Friday, March 6, 2009

Invisible Hits

In order to squeeze 30 years of Robyn Hitchcock into 31 days of March, I'm blogging in calendar time, so every day brings a new year. Today is 1983, which should be an "off day", because besides writing a few songs for Captain Sensible's Women And Captains First, Robyn Hitchcock didn't release anything in 1983.

1983 was the year that the Soft Boys Invisible Hits compilation came out. This was the first Soft Boys record I ever bought, mistakenly thinking it was a greatest hits collection, but it's actually a odds and sods collection of non-album tracks.

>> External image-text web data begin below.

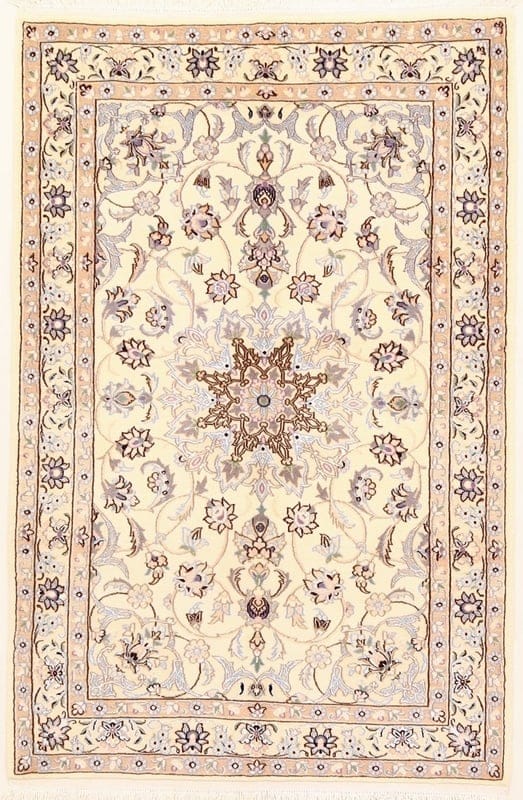 Nain6La Teppich 185x122 - Image 1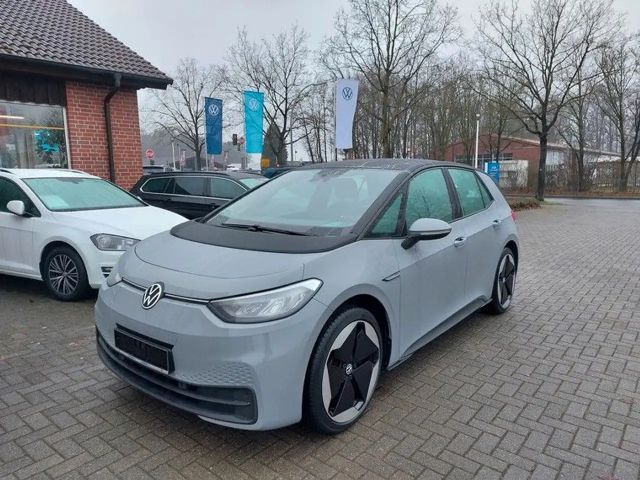 Volkswagen ID.3 Performance Pro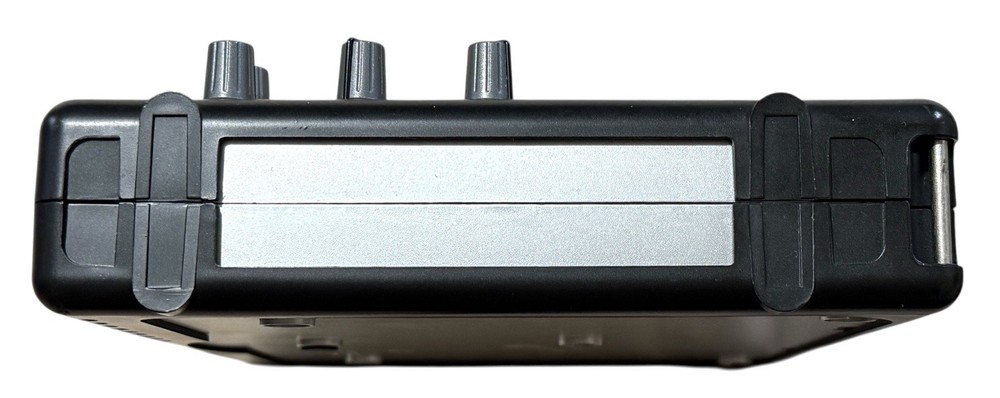 Hercules DJ MK2 Console Controller Interface Pro DJ Music Equipment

One of the biggest mistakes I've ever made was not picking it up on CD, since it's now out of print, and I can't seem to locate my LO. I thought I had a complete Soft Boys collection on vinyl, and I've located A Can Of Bees, and Underwater Moonlight and even Live From the Portland Arms, but no Invisible Hits. It's probably just been mis-filed. Luckily, someone has posted the entire album to youtube.

The songs on Invisible Hits range from the prehistoric days of the Soft Boys ("Wey Wey Hep Uh Hole" is one of their first songs) through the Underwater Moonlight era and the lost single "He's A Reptile". All the songs were previously unreleased, but one song ("When I Was A Kid") was recorded later on Groovy Decay.

This collection (and its companion Live From The Portland Arms cassette) showcase the Soft Boys at their loopiest, with lots of genre exercises the owe more to the Bonzo Dog Band than the Beatles. "Wey Wey Hep Uh Hole" sounds like a cross between Captain Beefheart and Spike Jones, "Have A Heart, Betty" is psychedelic barbershop, "He's a Reptile" is either a girl group homage or a nod to Motorhead, and "Rock & Roll Toilet" is the Soft Boys' punk song -- they even swap instruments to make it sound "punkier".

Live At The Portland Arms, a live tape that was reissued on vinyl in the late 80s but still hasn't come out on CD, documents a 1978 Soft Boys' acoustic/acapella show at the Portland Arms in Cambridge. They play a few of their own songs plus an assortment of wacky covers (everything from "In The Mood" to "All Shook Up", nothing that less than two decades old at the time) that would have made for a great evening's entertainment for everyone who decided to drop "down the pub" that night.